A single stretch of the material below is to be transcribed exactly, starting at the line with "3 Inch White" and ending after the line with "Puli Pendant | Gold Plate | Alden Arts".

Records for this exercise:
* * *

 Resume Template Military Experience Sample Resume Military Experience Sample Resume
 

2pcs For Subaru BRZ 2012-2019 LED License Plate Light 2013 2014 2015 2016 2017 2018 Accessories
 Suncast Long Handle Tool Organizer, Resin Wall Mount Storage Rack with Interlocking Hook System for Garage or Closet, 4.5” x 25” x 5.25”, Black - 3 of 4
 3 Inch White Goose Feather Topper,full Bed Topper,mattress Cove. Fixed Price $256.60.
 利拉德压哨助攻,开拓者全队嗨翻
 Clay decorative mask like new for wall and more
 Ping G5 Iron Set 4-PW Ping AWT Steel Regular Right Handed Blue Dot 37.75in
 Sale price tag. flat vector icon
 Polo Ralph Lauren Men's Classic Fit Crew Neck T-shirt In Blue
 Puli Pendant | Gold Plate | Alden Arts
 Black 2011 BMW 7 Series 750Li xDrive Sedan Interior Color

* * *

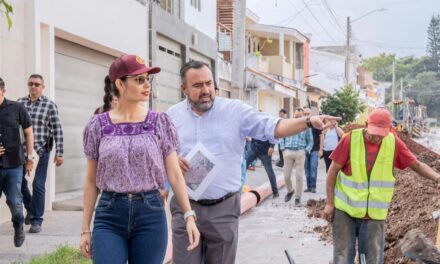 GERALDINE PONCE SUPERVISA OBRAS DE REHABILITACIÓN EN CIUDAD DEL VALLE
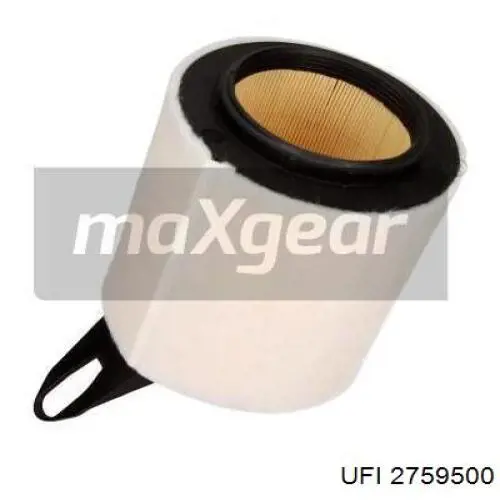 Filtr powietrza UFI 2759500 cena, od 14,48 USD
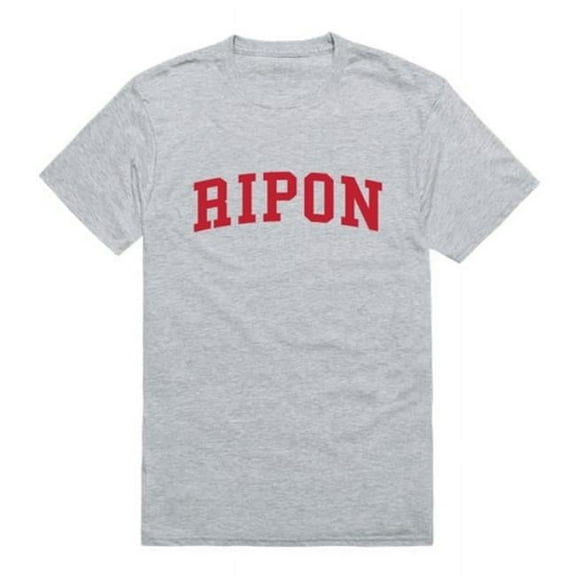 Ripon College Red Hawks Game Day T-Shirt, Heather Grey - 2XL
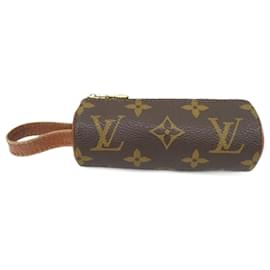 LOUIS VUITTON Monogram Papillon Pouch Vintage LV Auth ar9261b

* * *

Answer:
 3 Inch White Goose Feather Topper,full Bed Topper,mattress Cove. Fixed Price $256.60.
 利拉德压哨助攻,开拓者全队嗨翻
 Clay decorative mask like new for wall and more
 Ping G5 Iron Set 4-PW Ping AWT Steel Regular Right Handed Blue Dot 37.75in
 Sale price tag. flat vector icon
 Polo Ralph Lauren Men's Classic Fit Crew Neck T-shirt In Blue
 Puli Pendant | Gold Plate | Alden Arts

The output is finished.